The Tesla superchargers currently charge at around 2% a minute up until about 80% which is 40 minutes to hit 80%. Tesla is advertising 400 miles in 30 minutes which is 80% of the 500 mile capacity. What is so hard to believe about a 33% improvement over a couple year old tech that is a couple years from release?

Here are current industrial/transportation/residential electric prices in US [0]. They think Tesla will pay 40c a kwh??? What a joke. Sure if you look at constant demand facilities and extrapolate their pricing model with low average demand to megachargers you can come up with a ridiculous number. You can literally run diesel generators and generate electricity for a lower cost. This is so hysterically asinine I can't believe Bloomberg published this article. Not to mention a huge amount of charging can happen overnight when drivers are sleeping and electricity prices/demand are super low.

Pushing a lot of power through a wire is a solved problem. So what they need to push 10x through one connection instead of over 10. We are talking about a modest increase in % charge rates. That is what matters. All else equal you can charge a percent of your battery capacity not some arbitrary fixed number.

This is an embarrassingly poor article.

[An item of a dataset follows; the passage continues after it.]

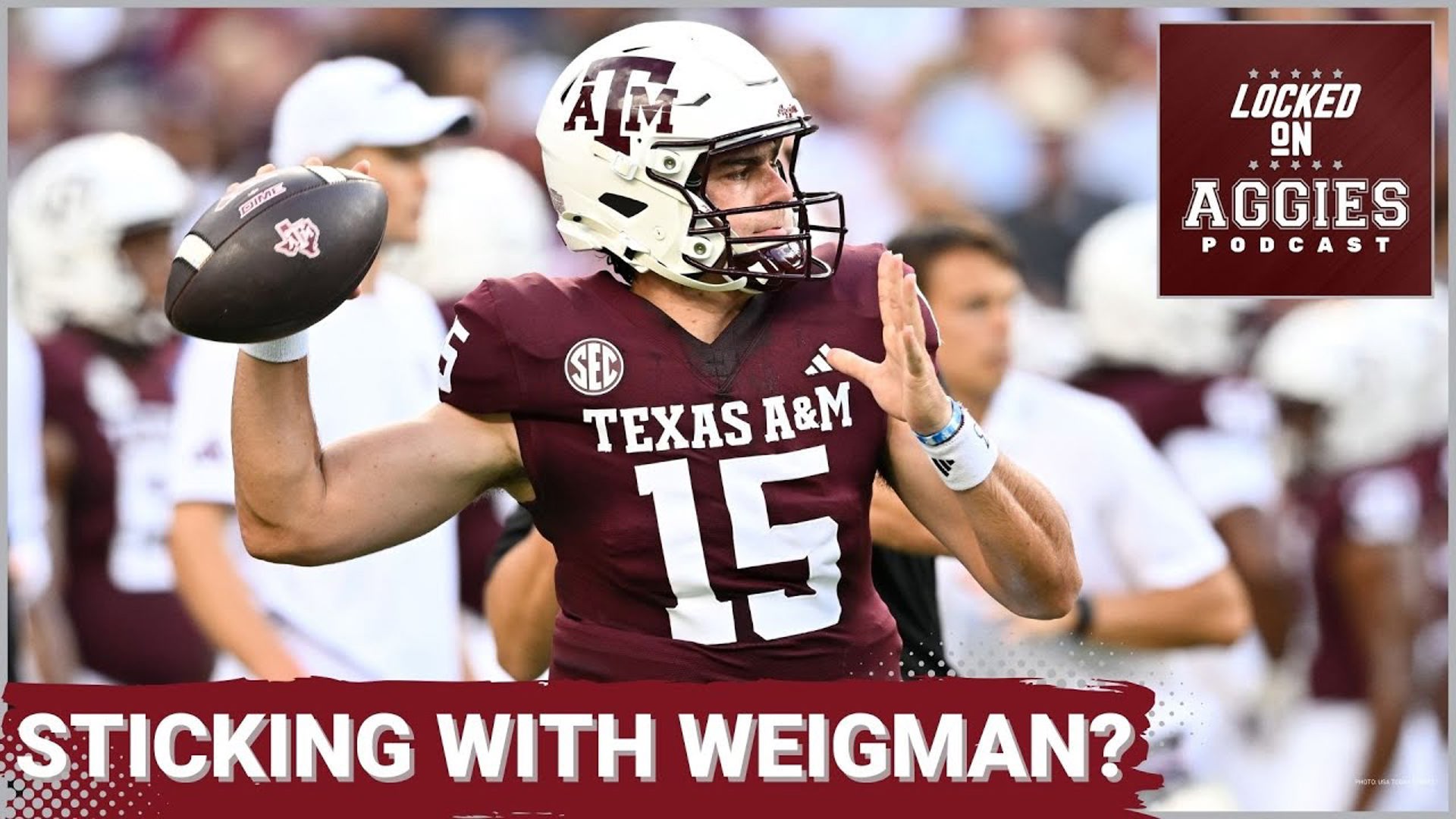 host Andrew Stefaniak talks about how Mike Elko might stick with Conner Weigman as Texas A&M's QB1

I think the one the worst things about the current tech shortage is now we have all these arts/business majors doing technology writing larping like they know the difference between a watt and an amp.

[0]https://www.eia.gov/electricity/monthly/epm_table_grapher.ph...

Look at charging rates in watts (watt hours per hour) instead of in percentage; those semis have much larger capacity batteries, so they need a higher charging rate in W to charge 80% in 30 minutes than a vehicle with a smaller battery.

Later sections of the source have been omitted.